シビックハッカー道場 2023-2-12
後:
Scrapboxにログインする
このプロジェクトに参加する
「タイムスケジュール
18:00-18:15:(Scrapboxに書き込みできない人のフォロー)趣旨説明、自己紹介
19:45-20:00:フリーディスカッション
自己紹介
※防窮訓練=防災訓練のように、貧困におちいっても命を失わないような適切な行動が取れるようになるための短時間の教育プログラム
趣旨説明
勉強会の目的
「誰一人取り残さない社会の実現をコードで加速する」というproj-inclusiveのミッションの達成に向けて、関わる人の知識を一緒にアップデートし、共通理解をつくっていく。特に「支援制度検索システムの開発」や「貧困関連データの可視化」に役立てる。 方法
オンラインで月1回程度の勉強会を行う。さしあたって、①社会、②データ・統計、③プログラミングの3つの分野を扱う (原則30分程度ずつ)。一方的に特定の講師役から習うのではなく、教材をベースに、知識を持ち寄る演習形式とする。興味のある分野を事前に予習し、Scrapboxなどに要点・疑問点・質問を書いておき、当日は議論を中心に進める。
参加者
だれでも参加可能。
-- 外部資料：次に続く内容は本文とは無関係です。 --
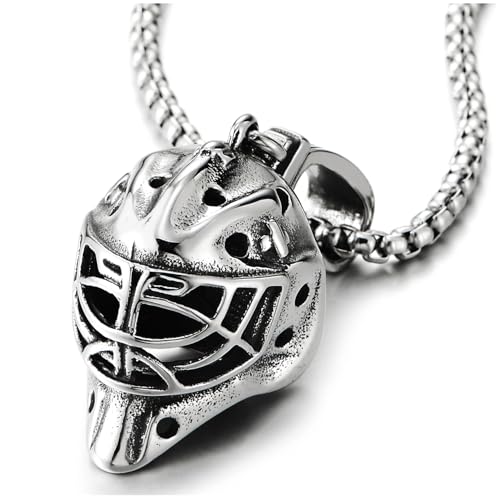 COOLSTEELANDBEYOND Mens Hockey Mask Pendant Necklace, Stainless Steel, Goalie Mask Design, 24 inch Wheat Chain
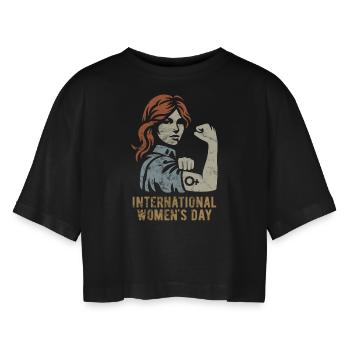 International Women's Day - Retro Geschenk - Frauen Oversized Cropped T-Shirt - Schwarz - Vorne - AI Model Female 172 light (172cm)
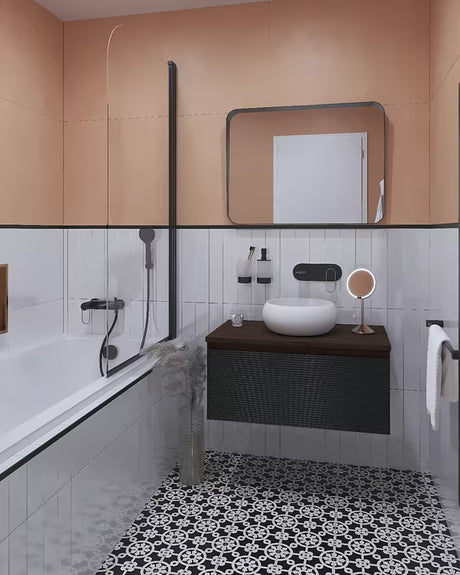 Vonios sienelė SAT 150x80 cm, skaidrus stiklas ir juodas matinis profilis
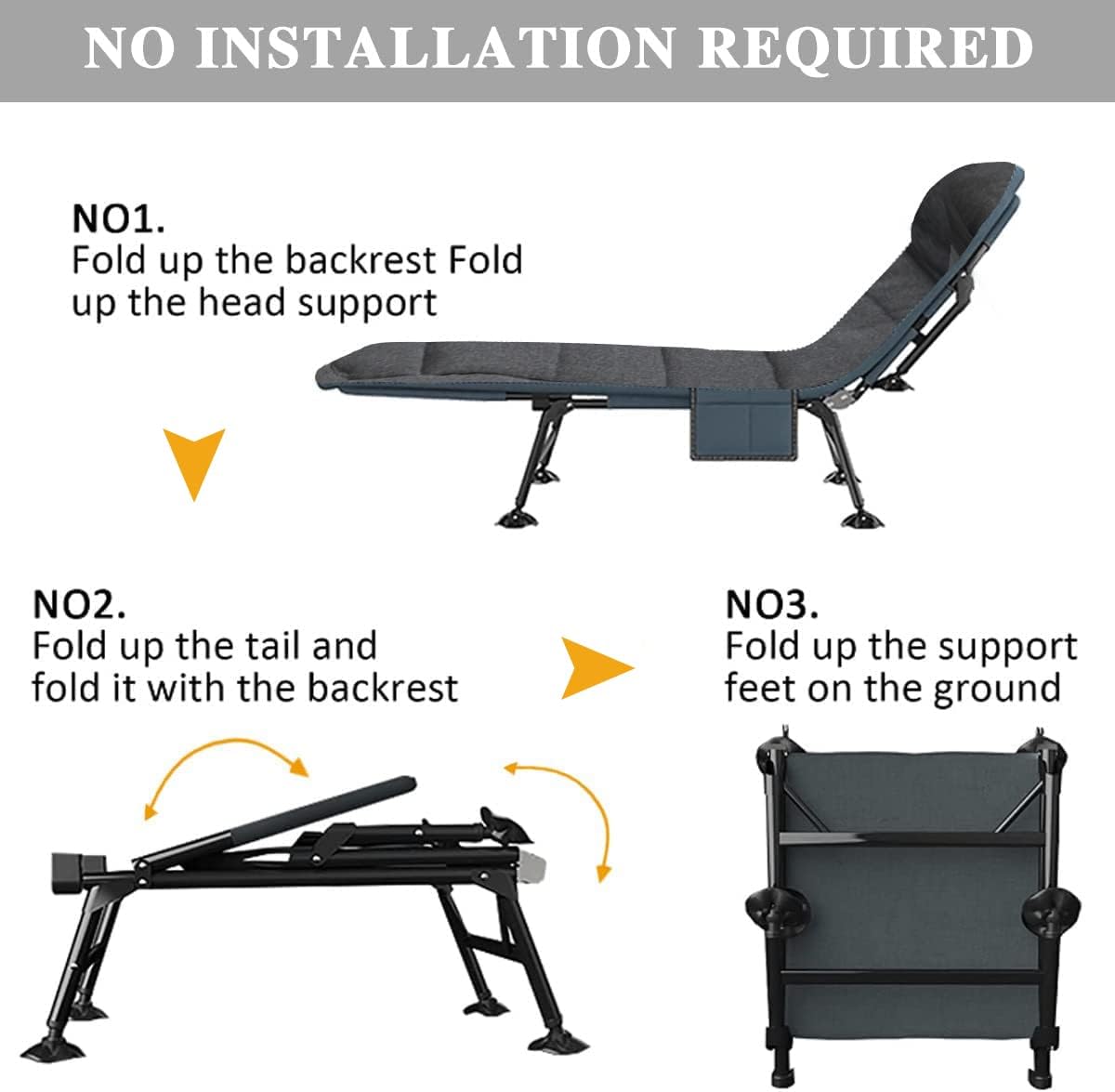 Adjustable Folding Sun Lounger Bed Grey 5 Position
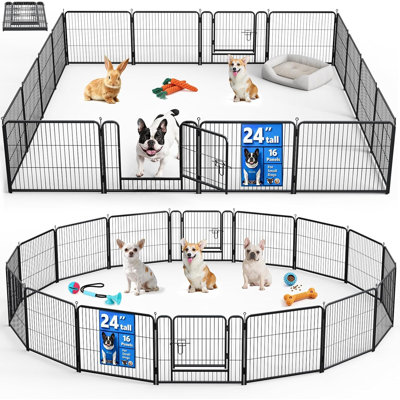 Parc pour chien pliable de 24 pouces à 16 panneaux, clôture pour animaux portable en métal avec loquet de porte sécuritaire pour petits, moyens et grands chiots, lapins, enclos d'exercice intérieur et extérieur pour camping-car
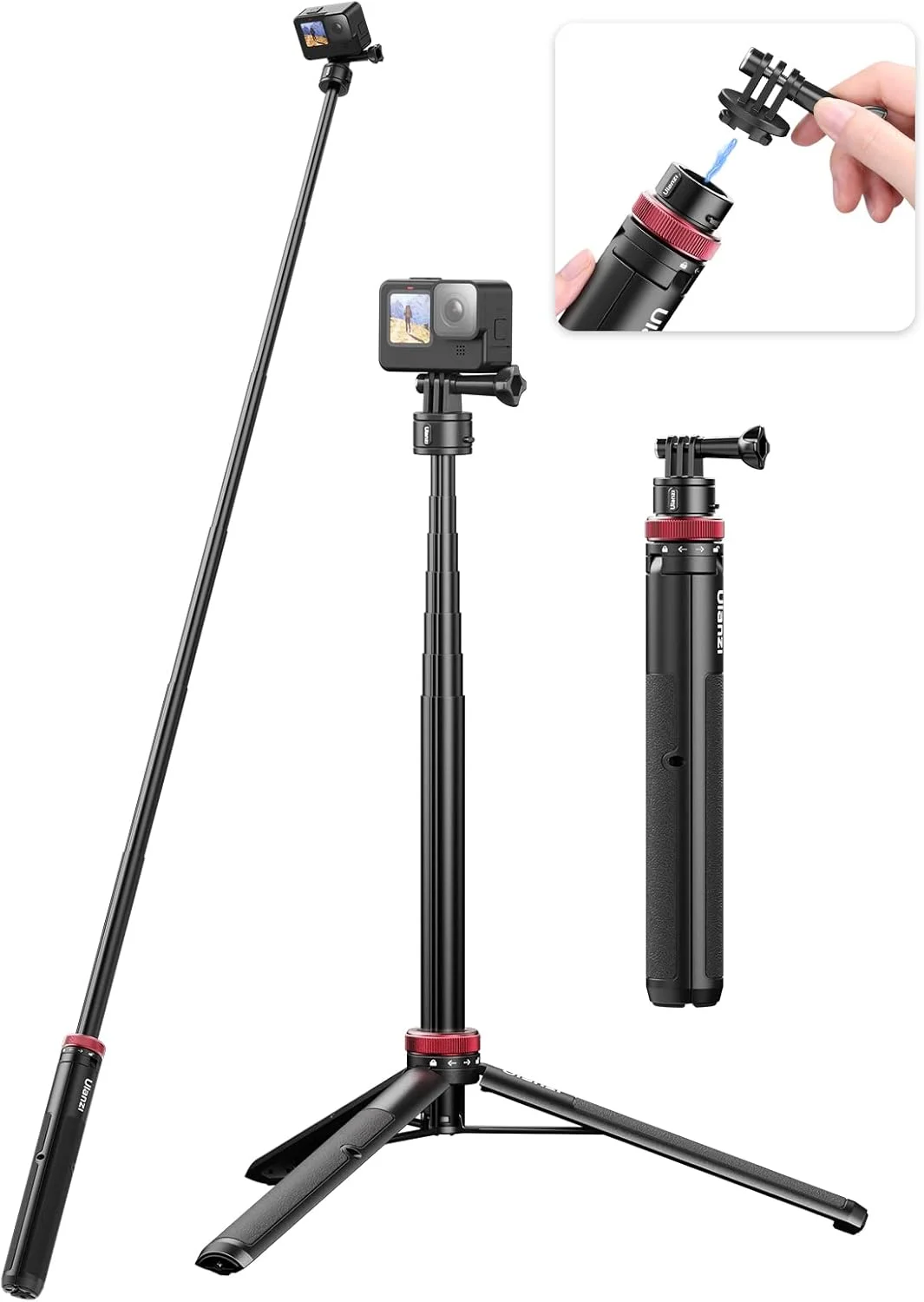 سه پایه سلفی استیک 57 اینچی برای Gopro - پایه سه پایه قابل افزایش ULANZI Go Quick II با مکش مغناطیسی و رهاسازی سریع، دسته لوازم جانبی Vlog برای GoPro Hero 11 10 9 8 7 6 5/Max/DJI OSMO Action Cam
お誘いあわせの上ご参加ください。
①社会分野
※レジュメ:furuhashi.icon
第8章 共同体自治の確立とリーダーの条件
小さなユニットで「われわれ意識」を再構築していく
小さなユニットから行動を起こし、次に、散在する小さなユニットで変化した人々の構えに応じて大きなユニットの問題を考える
テックのプラットフォームを中核とするシステムに支えられたミクロな共同体が、バラバラになった個人を新たに包摂することで、コミューなるな人間関係を再構築していく
このアプローチの成否を握る鍵は、「共同体自治」をいかにして確立するかということ
任せて文句を言うのではなく、引き受けて考える
食とエネルギーが人々が一番参加しやすいテーマ
見えないところに生きている他者や、見えないところに広がる自然生態系に巨大な負荷をかけているのに気づくことができる
「気にかかる仲間」から「全体についての意識へ」と言う経路が大切
共同体自治の確立に向けたプロセスとリーダーシップ
オーナーシップを喚起する
デンマークのサムソ島という人口約4000人の島。
本土の電力会社の電力を使わず、10年間をかけて100%クリーンエネルギー化を実現
人々がエネルギー計画作りに最初から参加し、プロジェクトに投資してオーナーシップを持つことができるようにした。
ビジネスパーソンのトップダウンのリーダーシップでは共同体自治の確立は難しい
「まず自分がみんなにつながる。次にみんなをつなげる。それからみんなに知恵を出してもらう」
共同体自治を実現するためにリーダーは縁の下の力持ちになり、人々に自分たちが主役だと感じてもらう。→決めたことがうまくいかなかったらみんなで修正しようとなる。
ナッジを用いてファシリテートする
妥当な結論を導き出し、仲間意識を生み出す
フリーライダーが出てきてしまうという課題。周囲を混乱させないようにしつつも包摂する。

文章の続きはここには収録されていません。